• En Basse-Normandie (Bréhal, Granville)

    Un silence absolu toute la nuit, je dors bien dans la petite chambre d’hôtes de Blainville-sur-Mer dont la ouifi est malheureusement inopérante. Au matin, le coq ayant à peine chanté, je me rends au petit déjeuner à la première heure, espérant échapper aux occupants des autres chambres situées dans le bâtiment principal. Hélas, tout ce monde arrive en même temps que moi, trois couples de retraités dont l’un avec sa fille restée au foyer. Tous en sont au dernier jour de leurs vacances et sont pressés de rentrer. Je subis stoïquement les conversations indigentes et les excès de cérémonie de l’hôtesse.

    Il a un peu plu cette nuit mais le soleil est de retour et la chaleur aussi qui m’incitent à poursuivre jusqu’à Granville. En chemin, je m’arrête à Bréhal, gros bourg où j’espère trouver la ouifi.

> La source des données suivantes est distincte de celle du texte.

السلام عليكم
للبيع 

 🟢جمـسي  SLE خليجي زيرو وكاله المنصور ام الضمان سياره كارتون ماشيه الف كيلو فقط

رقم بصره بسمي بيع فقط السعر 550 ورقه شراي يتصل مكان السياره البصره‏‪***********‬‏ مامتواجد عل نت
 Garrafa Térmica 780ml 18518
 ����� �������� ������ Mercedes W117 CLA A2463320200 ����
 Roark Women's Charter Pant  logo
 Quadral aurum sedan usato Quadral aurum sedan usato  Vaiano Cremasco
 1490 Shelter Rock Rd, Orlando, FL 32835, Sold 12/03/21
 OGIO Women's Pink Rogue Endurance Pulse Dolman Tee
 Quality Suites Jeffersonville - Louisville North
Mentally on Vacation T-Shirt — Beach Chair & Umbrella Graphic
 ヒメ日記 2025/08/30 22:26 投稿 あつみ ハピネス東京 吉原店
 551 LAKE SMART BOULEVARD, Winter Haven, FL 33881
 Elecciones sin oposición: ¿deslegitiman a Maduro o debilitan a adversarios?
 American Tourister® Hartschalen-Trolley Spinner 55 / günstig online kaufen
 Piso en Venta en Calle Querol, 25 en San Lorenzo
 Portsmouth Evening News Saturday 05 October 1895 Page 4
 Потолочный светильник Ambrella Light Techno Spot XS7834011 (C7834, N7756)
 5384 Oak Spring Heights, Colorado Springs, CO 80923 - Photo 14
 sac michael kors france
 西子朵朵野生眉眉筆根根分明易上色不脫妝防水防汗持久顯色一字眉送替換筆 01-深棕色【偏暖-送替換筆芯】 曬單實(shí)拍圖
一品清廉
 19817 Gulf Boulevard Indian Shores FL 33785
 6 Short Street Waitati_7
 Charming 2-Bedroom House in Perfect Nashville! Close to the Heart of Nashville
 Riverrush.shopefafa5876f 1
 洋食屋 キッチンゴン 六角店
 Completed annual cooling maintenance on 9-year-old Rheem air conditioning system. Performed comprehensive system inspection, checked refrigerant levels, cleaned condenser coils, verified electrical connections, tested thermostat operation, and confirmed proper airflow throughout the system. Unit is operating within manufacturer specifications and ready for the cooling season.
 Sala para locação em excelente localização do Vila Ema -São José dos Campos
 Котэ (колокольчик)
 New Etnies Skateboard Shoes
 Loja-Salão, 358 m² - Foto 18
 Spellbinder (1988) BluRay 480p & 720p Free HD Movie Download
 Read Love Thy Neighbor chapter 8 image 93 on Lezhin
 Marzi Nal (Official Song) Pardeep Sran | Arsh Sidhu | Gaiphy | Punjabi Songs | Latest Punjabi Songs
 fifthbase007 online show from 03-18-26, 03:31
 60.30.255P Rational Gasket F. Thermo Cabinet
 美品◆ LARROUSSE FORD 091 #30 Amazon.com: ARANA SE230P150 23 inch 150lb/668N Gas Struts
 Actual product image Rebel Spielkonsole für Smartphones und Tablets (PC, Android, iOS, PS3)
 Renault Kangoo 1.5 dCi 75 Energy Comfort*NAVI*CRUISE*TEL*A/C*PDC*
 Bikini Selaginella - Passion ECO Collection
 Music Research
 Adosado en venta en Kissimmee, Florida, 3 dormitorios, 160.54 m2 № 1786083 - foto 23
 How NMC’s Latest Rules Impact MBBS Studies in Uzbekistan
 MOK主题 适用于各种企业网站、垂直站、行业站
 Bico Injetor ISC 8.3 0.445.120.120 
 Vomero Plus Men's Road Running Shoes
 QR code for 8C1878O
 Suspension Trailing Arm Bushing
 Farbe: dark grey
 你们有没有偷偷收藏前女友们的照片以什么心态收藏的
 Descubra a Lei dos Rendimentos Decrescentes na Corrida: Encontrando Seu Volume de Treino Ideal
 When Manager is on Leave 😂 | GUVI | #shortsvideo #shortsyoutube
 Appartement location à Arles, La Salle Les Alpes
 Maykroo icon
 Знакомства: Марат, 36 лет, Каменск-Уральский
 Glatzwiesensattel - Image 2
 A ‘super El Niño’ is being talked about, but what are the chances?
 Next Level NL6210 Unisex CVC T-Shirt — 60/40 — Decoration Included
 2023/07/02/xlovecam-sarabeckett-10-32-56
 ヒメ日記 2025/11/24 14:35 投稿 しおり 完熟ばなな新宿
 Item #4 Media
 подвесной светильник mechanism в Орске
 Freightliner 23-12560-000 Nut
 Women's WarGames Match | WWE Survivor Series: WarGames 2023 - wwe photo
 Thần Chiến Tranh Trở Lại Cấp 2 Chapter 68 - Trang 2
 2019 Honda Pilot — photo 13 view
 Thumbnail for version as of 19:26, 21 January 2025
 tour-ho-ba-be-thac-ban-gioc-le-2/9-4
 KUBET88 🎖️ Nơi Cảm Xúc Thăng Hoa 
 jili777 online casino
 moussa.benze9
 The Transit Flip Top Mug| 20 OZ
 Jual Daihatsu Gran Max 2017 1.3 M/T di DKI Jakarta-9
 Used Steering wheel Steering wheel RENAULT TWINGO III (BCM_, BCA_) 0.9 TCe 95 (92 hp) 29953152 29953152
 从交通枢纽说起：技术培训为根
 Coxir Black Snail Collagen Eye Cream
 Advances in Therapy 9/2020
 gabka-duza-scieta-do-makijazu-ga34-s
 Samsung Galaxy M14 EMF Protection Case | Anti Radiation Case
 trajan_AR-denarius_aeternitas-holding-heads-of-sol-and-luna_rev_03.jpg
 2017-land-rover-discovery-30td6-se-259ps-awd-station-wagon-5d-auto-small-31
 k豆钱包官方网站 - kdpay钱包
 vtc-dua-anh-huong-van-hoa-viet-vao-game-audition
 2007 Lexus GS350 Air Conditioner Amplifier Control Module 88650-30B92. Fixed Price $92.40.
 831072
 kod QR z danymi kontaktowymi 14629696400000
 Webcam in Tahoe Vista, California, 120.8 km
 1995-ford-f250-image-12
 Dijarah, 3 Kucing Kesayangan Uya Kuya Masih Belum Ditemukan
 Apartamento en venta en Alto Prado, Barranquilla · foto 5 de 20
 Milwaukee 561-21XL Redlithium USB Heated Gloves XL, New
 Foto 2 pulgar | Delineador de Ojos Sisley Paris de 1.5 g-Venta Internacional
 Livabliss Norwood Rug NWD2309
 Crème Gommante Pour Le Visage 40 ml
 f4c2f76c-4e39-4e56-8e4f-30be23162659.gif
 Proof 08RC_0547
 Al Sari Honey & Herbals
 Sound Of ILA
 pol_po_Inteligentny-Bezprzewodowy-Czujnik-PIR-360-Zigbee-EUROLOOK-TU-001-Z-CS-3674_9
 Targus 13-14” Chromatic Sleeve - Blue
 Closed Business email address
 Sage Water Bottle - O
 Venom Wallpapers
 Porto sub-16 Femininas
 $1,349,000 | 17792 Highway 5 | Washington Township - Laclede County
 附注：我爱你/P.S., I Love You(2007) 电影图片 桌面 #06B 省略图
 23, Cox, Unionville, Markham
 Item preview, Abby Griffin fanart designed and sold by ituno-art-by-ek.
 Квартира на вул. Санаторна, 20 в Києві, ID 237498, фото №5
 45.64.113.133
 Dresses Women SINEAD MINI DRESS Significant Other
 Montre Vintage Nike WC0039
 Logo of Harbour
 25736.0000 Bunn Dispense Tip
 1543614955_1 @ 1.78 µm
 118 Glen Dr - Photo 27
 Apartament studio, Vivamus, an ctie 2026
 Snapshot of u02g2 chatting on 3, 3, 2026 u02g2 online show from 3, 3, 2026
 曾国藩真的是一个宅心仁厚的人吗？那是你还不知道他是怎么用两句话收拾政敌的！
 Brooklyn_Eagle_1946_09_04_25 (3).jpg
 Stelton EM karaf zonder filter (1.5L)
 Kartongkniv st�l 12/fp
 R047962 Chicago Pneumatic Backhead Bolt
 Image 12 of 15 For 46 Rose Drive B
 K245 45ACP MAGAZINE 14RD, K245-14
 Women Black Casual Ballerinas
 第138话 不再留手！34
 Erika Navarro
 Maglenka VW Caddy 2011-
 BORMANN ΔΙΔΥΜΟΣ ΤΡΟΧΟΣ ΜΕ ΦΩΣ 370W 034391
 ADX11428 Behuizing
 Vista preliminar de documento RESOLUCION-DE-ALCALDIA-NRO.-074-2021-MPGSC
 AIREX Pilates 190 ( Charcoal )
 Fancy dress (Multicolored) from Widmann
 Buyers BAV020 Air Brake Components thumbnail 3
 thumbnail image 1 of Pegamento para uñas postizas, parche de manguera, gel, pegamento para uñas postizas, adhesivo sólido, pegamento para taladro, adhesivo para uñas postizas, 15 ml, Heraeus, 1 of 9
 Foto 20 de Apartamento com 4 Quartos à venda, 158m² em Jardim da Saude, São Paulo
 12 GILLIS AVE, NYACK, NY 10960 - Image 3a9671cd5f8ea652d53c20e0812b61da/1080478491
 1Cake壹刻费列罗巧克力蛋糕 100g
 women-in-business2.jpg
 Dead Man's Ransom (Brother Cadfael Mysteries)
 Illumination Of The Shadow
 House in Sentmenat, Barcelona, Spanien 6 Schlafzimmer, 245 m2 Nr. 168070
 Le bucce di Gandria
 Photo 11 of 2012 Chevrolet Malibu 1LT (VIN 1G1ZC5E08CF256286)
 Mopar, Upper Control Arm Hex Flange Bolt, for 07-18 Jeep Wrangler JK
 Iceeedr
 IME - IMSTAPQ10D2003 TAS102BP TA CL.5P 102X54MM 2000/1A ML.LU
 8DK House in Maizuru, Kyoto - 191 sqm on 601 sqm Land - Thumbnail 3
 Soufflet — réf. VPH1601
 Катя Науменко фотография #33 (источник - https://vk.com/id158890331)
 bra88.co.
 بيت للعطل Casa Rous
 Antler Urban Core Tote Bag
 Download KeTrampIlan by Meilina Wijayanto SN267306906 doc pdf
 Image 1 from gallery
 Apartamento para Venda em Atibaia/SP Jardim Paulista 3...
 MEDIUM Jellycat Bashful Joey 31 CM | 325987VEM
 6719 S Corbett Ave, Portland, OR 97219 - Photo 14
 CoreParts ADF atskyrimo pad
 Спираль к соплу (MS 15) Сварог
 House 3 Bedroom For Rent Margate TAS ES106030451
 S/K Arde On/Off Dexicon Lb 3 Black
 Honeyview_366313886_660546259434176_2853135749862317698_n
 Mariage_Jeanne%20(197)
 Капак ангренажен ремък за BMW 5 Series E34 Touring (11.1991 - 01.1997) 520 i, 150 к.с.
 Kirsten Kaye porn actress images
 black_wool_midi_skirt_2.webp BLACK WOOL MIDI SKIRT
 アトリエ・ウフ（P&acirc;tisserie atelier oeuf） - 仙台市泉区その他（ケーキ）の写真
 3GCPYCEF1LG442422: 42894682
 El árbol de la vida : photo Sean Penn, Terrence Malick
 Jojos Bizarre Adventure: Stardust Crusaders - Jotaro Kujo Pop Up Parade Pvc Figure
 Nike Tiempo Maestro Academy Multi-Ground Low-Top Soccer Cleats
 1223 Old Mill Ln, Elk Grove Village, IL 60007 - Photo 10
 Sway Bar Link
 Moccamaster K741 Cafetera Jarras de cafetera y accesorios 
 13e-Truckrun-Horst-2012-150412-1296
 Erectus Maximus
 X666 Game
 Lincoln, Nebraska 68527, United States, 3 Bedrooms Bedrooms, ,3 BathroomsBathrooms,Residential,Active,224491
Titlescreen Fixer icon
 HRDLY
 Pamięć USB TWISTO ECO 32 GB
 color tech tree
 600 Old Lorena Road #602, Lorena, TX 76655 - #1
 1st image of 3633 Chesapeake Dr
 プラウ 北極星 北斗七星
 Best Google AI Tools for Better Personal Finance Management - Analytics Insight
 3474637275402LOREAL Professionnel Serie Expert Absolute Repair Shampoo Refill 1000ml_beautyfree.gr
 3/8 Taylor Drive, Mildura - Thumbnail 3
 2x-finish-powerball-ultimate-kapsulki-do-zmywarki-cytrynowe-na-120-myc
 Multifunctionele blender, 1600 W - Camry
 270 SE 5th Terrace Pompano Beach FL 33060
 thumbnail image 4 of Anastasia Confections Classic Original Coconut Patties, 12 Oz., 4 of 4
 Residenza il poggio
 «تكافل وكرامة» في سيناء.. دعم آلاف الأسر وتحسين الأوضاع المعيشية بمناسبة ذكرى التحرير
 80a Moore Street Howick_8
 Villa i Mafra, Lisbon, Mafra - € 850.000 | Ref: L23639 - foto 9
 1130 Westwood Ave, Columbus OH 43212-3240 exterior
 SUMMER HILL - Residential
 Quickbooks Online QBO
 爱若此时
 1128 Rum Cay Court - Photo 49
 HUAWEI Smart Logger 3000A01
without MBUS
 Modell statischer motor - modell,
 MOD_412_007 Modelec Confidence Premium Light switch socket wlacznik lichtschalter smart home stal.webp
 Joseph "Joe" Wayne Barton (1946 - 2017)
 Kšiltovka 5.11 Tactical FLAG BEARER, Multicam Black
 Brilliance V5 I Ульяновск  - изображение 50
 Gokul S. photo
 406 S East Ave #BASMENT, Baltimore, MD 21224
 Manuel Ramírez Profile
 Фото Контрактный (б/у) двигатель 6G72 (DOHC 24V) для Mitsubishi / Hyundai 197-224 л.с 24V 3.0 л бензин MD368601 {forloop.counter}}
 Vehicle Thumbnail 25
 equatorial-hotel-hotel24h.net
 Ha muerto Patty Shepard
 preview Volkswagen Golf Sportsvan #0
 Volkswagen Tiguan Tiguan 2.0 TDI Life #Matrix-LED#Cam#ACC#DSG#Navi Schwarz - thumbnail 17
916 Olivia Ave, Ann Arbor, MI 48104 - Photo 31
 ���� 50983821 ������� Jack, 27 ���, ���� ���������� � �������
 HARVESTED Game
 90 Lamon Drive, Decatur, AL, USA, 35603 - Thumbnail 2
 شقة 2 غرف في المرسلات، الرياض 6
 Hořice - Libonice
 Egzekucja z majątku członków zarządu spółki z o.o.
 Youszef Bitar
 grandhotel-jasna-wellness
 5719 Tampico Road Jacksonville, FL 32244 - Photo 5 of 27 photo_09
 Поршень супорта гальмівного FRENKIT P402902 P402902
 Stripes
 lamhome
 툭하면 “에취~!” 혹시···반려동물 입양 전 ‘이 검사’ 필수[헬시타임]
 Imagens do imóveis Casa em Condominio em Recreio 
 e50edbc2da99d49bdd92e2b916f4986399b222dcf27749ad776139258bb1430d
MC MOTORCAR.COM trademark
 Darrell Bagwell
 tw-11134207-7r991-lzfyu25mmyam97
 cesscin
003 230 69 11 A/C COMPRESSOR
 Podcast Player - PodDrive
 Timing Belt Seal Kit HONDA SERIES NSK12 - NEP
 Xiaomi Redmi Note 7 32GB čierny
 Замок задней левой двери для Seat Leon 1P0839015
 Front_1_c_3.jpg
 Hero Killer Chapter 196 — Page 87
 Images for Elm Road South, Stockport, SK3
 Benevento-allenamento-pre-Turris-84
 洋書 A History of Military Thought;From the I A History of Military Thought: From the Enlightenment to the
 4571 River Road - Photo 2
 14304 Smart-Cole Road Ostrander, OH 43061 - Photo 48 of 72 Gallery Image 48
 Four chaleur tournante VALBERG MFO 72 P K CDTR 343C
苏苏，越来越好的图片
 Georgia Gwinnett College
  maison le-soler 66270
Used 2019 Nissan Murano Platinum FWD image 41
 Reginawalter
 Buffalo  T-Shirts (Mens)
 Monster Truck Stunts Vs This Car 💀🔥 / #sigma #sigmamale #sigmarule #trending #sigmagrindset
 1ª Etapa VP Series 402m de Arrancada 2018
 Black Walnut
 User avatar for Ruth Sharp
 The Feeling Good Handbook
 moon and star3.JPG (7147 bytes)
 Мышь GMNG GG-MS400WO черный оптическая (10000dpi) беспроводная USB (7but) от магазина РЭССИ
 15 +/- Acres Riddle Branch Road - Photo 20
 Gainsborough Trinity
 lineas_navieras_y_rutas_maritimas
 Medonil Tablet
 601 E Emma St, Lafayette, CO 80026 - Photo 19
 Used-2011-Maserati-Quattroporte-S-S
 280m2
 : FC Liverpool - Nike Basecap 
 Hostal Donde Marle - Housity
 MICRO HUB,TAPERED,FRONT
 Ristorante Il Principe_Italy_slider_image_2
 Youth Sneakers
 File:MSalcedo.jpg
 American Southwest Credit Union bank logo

Je m’en enquiers à l’Office de Tourisme où une dame charmante m’annonce que je n’ai pas à chercher plus loin.

    Elle m’ouvre la grande halle qui jouxte l’Office, très beau bâtiment où une table devient mon bureau.

    Ayant fait ce que j’avais à faire, je file à Granville, me gare dans le port et prends la dernière chambre libre à l’Hôtel de la Mer, quarante et un euros, vue sur quelques maisons de la ville haute. Je fais ensuite le tour de ce port où je retrouve le Marité, le trois-mâts dont la Mairie de Rouen n’a plus voulu.

    A midi, je déjeune en terrasse ombragée (vue sur le parquigne du port) au Sea & Savours (Mer & Saveurs) qui ne sert que du poisson sauvage, optant pour le menu à dix-huit euros (salade de chèvre chaud et saumon fumé, moules de Jersey marinières, profiteroles) Le vin est hors de prix Je me rabats sur la bouteille de cidre fermier à dix euros du Gaec de l’Ouëffrie à Barenton (Manche). Tout cela est fort bon et je n’ai à subir qu’un deux ans prénommé Gaspard relativement calme dont le papa (comme il s’appelle lui-même) s’occupe d’une façon excessive au dam de la maman (comme elle s’appelle elle-même) : « Laisse-le donc manger tout seul ».

    -Gaspard, tu veux goûter papa ?

    Il ne s’agit pas d’une immonde proposition pédophile mais d’une formulation approximative. Oui, Gaspard veut bien goûter ce que mange son géniteur et dans vingt-cinq ans il aura du bide comme lui.

    Je prends le café à quelques encablures Au Tout Va Bien puis vais m’asseoir sur un banc de la promenade qui domine la plage où l’on se baigne en ce jour de chaleur orageuse. J’y termine Une femme à Berlin tandis que l’eau se retire, laissant apparaitre la piscine d’eau de mer aux huit plongeoirs.

    Il est temps de grimper les escaliers que mène à la ville haute. J’en parcours le chemin de ronde jusqu’à la pointe du Roc et retour, encore une promenade qui me rappelle bien des souvenirs. Là-haut je trouve un banc qui domine le port. Au loin sont visibles Saint-Pair, Jullouville et Carolles, autres lieux de mon histoire personnelle, que je choisis de ne pas revoir. Demain, je rentre.

    *

    De la place du Casino, je lève les yeux vers cet Hôtel Michelet où je n’aurais pas été capable de reprendre une chambre, pour constater qu’il n’existe plus.